Task instructions | The task calls for each record to be given again exactly.

Exercise data |

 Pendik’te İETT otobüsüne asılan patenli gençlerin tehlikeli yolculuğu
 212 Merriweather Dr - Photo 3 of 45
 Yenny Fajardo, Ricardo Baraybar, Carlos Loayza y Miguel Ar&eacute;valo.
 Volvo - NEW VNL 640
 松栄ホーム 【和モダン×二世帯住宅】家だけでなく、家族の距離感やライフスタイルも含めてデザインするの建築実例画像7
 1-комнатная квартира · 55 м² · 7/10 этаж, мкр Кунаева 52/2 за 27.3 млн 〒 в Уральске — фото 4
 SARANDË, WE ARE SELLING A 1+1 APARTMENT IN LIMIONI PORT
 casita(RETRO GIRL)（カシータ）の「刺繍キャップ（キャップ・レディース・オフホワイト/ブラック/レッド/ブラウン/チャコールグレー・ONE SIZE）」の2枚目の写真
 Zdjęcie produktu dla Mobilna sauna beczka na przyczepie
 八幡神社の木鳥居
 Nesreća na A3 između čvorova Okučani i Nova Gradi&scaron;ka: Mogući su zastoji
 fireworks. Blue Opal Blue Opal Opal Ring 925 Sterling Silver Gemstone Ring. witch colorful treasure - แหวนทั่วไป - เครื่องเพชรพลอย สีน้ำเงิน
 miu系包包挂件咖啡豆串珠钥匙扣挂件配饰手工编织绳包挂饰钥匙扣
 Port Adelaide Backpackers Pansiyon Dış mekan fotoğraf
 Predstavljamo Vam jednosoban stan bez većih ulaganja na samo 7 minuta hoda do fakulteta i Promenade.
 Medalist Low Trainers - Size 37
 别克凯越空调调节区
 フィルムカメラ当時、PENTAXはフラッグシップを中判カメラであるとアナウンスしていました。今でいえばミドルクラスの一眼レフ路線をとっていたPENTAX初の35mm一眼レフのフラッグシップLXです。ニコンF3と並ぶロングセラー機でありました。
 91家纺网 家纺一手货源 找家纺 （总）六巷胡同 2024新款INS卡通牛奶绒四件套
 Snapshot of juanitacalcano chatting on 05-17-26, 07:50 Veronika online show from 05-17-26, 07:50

Reply |
 Pendik’te İETT otobüsüne asılan patenli gençlerin tehlikeli yolculuğu
 212 Merriweather Dr - Photo 3 of 45
 Yenny Fajardo, Ricardo Baraybar, Carlos Loayza y Miguel Ar&eacute;valo.
 Volvo - NEW VNL 640
 松栄ホーム 【和モダン×二世帯住宅】家だけでなく、家族の距離感やライフスタイルも含めてデザインするの建築実例画像7
 1-комнатная квартира · 55 м² · 7/10 этаж, мкр Кунаева 52/2 за 27.3 млн 〒 в Уральске — фото 4
 SARANDË, WE ARE SELLING A 1+1 APARTMENT IN LIMIONI PORT
 casita(RETRO GIRL)（カシータ）の「刺繍キャップ（キャップ・レディース・オフホワイト/ブラック/レッド/ブラウン/チャコールグレー・ONE SIZE）」の2枚目の写真
 Zdjęcie produktu dla Mobilna sauna beczka na przyczepie
 八幡神社の木鳥居
 Nesreća na A3 između čvorova Okučani i Nova Gradi&scaron;ka: Mogući su zastoji
 fireworks. Blue Opal Blue Opal Opal Ring 925 Sterling Silver Gemstone Ring. witch colorful treasure - แหวนทั่วไป - เครื่องเพชรพลอย สีน้ำเงิน
 miu系包包挂件咖啡豆串珠钥匙扣挂件配饰手工编织绳包挂饰钥匙扣
 Port Adelaide Backpackers Pansiyon Dış mekan fotoğraf
 Predstavljamo Vam jednosoban stan bez većih ulaganja na samo 7 minuta hoda do fakulteta i Promenade.
 Medalist Low Trainers - Size 37
 别克凯越空调调节区
 フィルムカメラ当時、PENTAXはフラッグシップを中判カメラであるとアナウンスしていました。今でいえばミドルクラスの一眼レフ路線をとっていたPENTAX初の35mm一眼レフのフラッグシップLXです。ニコンF3と並ぶロングセラー機でありました。
 91家纺网 家纺一手货源 找家纺 （总）六巷胡同 2024新款INS卡通牛奶绒四件套
 Snapshot of juanitacalcano chatting on 05-17-26, 07:50 Veronika online show from 05-17-26, 07:50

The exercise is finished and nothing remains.